Check out our latest analysis for Inspiration Healthcare Group

ps-multiple-vs-industry
AIM:IHC Price to Sales Ratio vs Industry July 24th 2024

What Does Inspiration Healthcare Group's P/S Mean For Shareholders?

Inspiration Healthcare Group could be doing better as its revenue has been going backwards lately while most other companies have been seeing positive revenue growth. The P/S ratio is probably low because investors think this poor revenue performance isn't going to get any better. So while you could say the stock is cheap, investors will be looking for improvement before they see it as good value.

If you'd like to see what analysts are forecasting going forward, you should check out our free report on Inspiration Healthcare Group.

Do Revenue Forecasts Match The Low P/S Ratio?

The only time you'd be truly comfortable seeing a P/S as depressed as Inspiration Healthcare Group's is when the company's growth is on track to lag the industry decidedly.

Taking a look back first, the company's revenue growth last year wasn't something to get excited about as it posted a disappointing decline of 8.7%. This has erased any of its gains during the last three years, with practically no change in revenue being achieved in total. So it appears to us that the company has had a mixed result in terms of growing revenue over that time.

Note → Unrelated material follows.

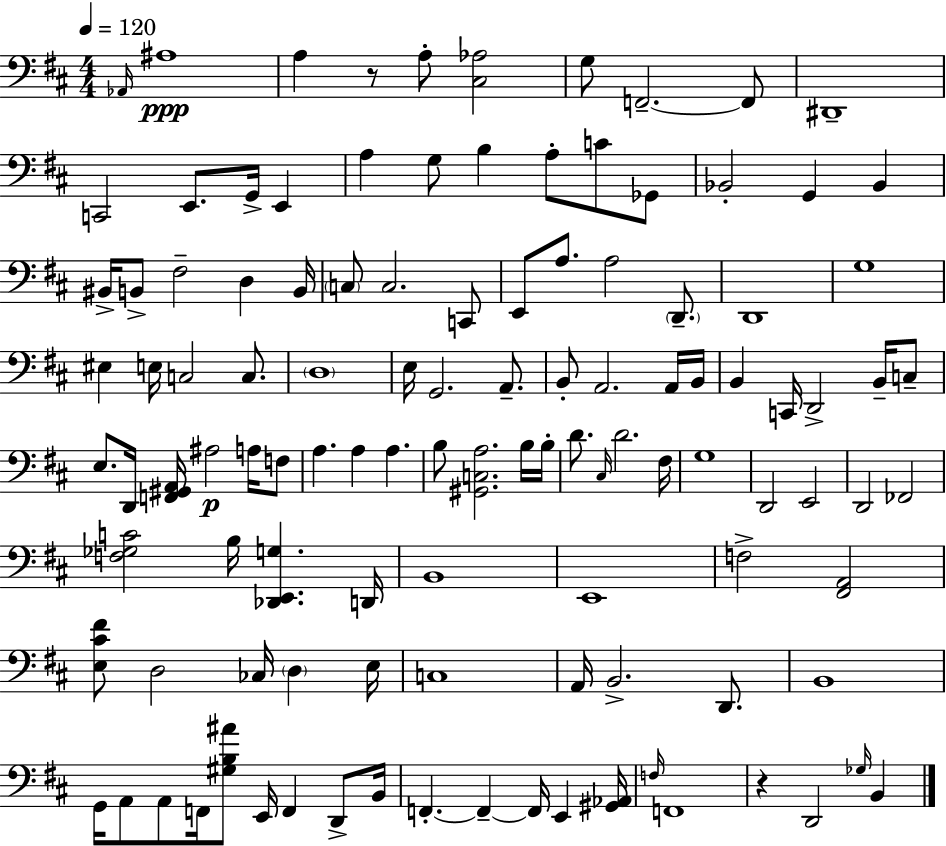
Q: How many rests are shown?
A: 2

Turning to the outlook, the next three years should generate growth of 9.8% each year as estimated by the one analyst watching the company. That's shaping up to be similar to the 8.6% each year growth forecast for the broader industry.

With this in consideration, we find it intriguing that Inspiration Healthcare Group's P/S is lagging behind its industry peers. It may be that most investors are not convinced the company can achieve future growth expectations.

The Key Takeaway

Inspiration Healthcare Group's P/S looks about as weak as its stock price lately. Typically, we'd caution against reading too much into price-to-sales ratios when settling on investment decisions, though it can reveal plenty about what other market participants think about the company.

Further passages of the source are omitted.